• **BRIEF**
For each entry, output its words exactly and leave any picture behind.

• **STORED DATA**

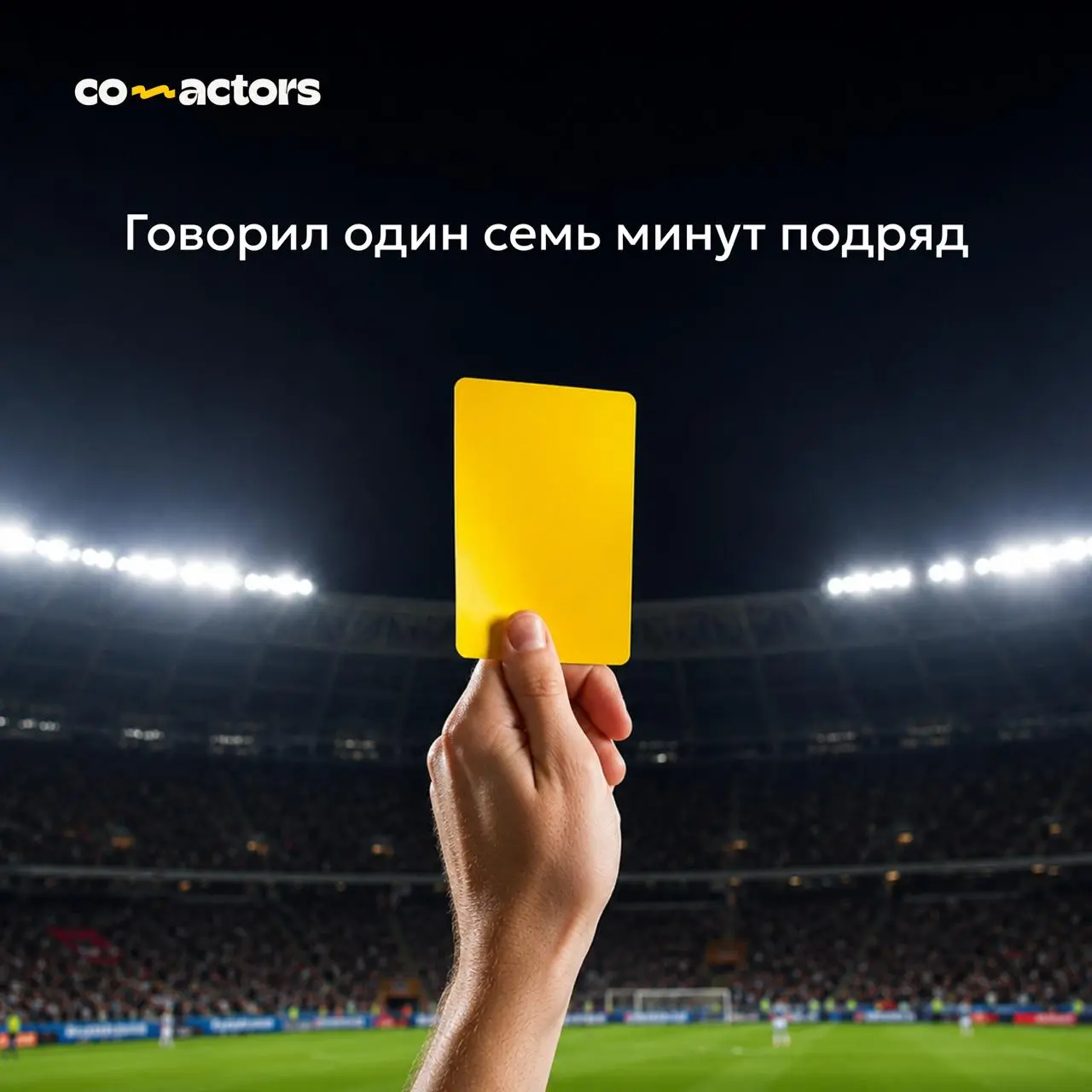 🟥📢❌Свисток, предупреждение, удаление со встречи!
Участники встреч не всегда бывают послушными | Сетка — социальная сеть от hh.ru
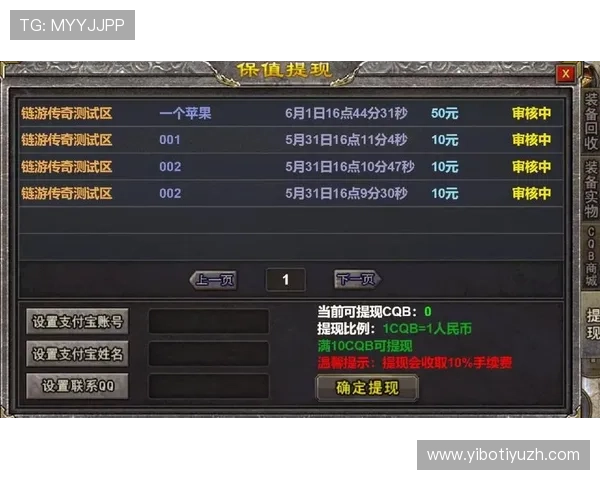 传奇在线娱乐城便捷的充值提现流程，快速到账，轻松管理您的资金和游戏资产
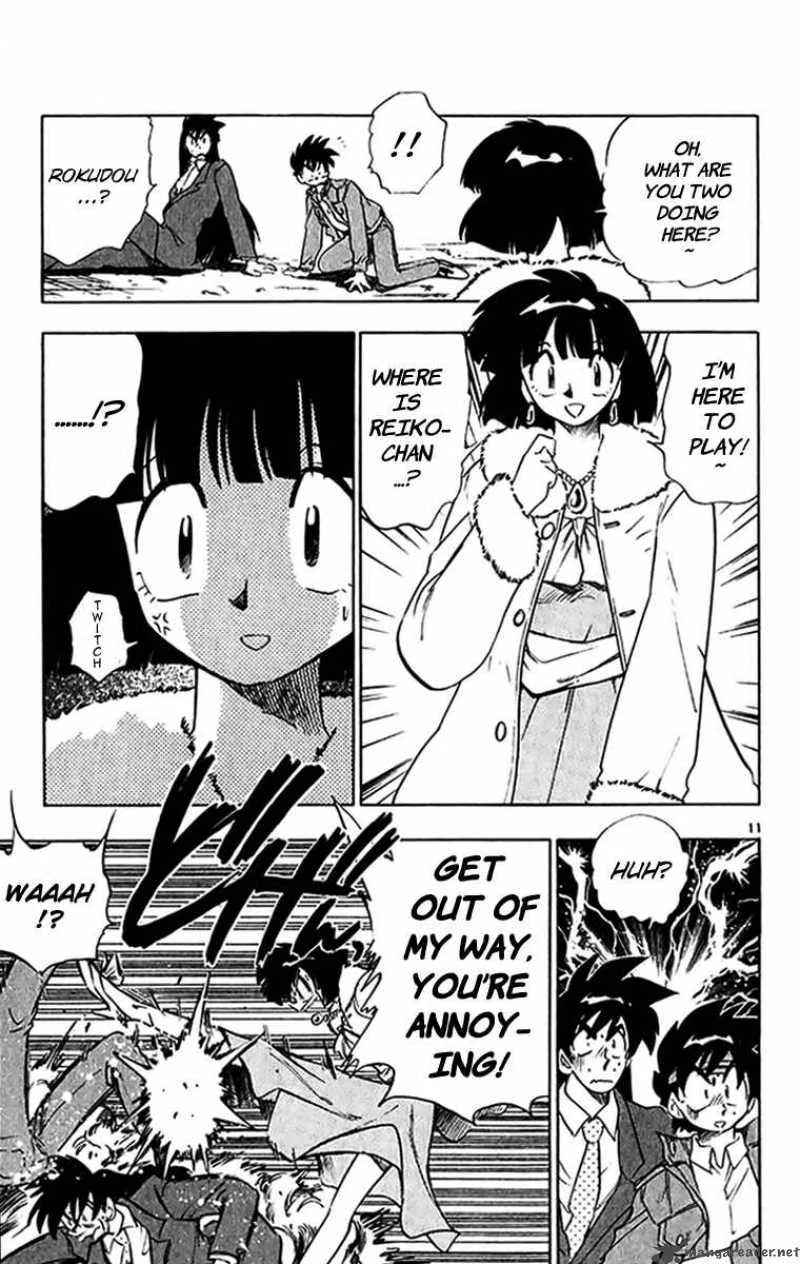Ghost Sweeper Mikami Chapter 266 page 11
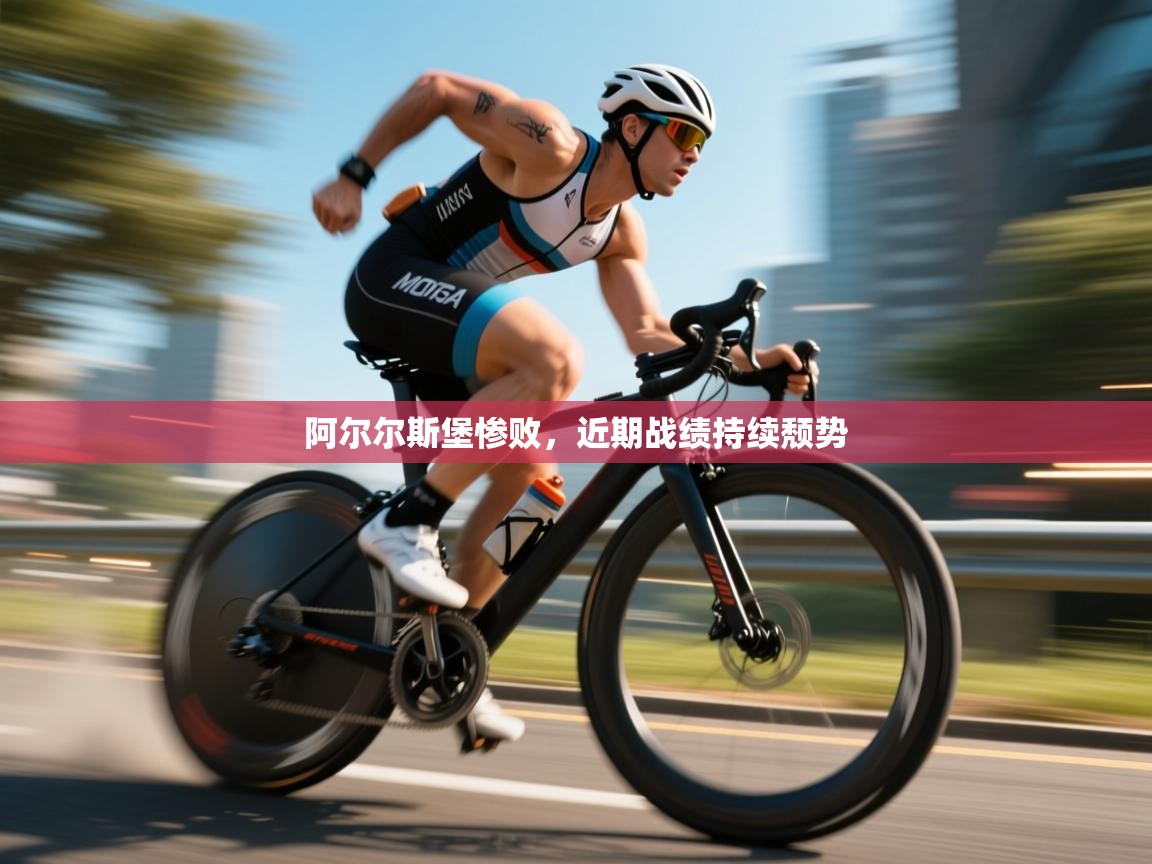 阿尔尔斯堡惨败，近期战绩持续颓势  第2张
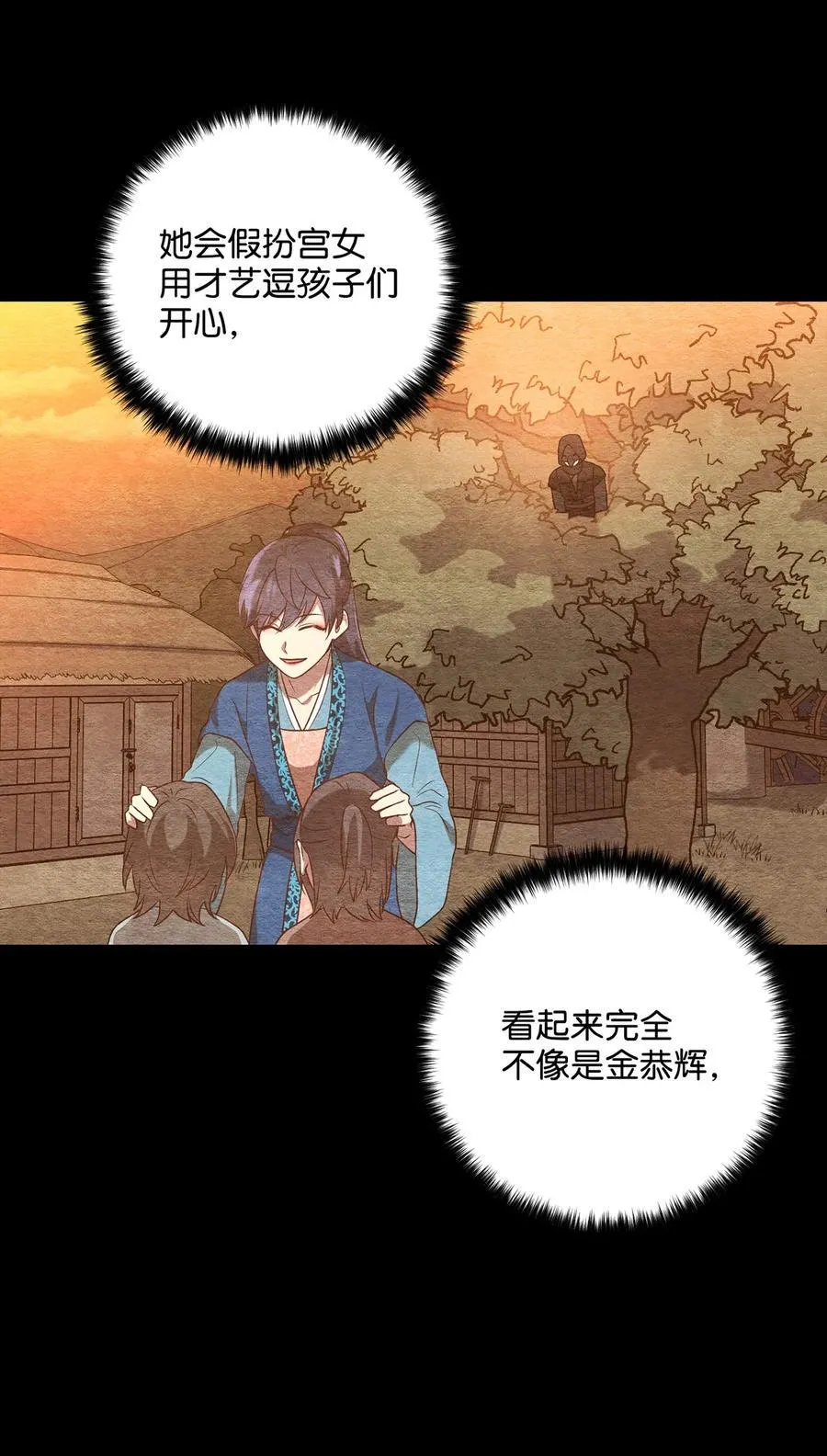 23 新伙伴 第41页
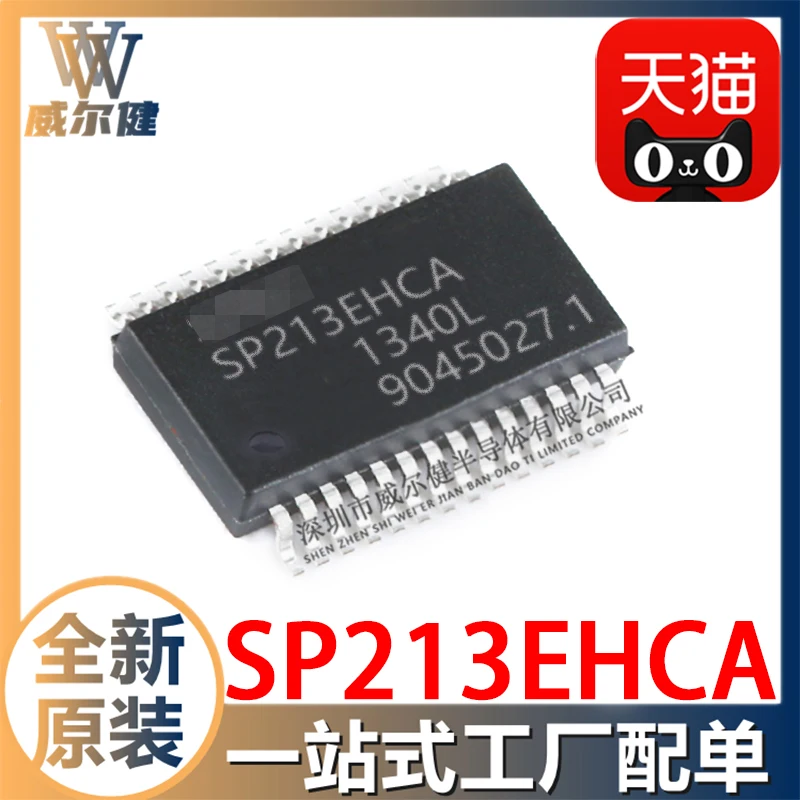 

Бесплатная доставка, модель SP213EHCA, фотосессия 28, фотосессия/TR, 10 шт.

• **YOUR RESPONSE**
 🟥📢❌Свисток, предупреждение, удаление со встречи!
Участники встреч не всегда бывают послушными | Сетка — социальная сеть от hh.ru
 传奇在线娱乐城便捷的充值提现流程，快速到账，轻松管理您的资金和游戏资产
Ghost Sweeper Mikami Chapter 266 page 11
 阿尔尔斯堡惨败，近期战绩持续颓势  第2张
 23 新伙伴 第41页

Бесплатная доставка, модель SP213EHCA, фотосессия 28, фотосессия/TR, 10 шт.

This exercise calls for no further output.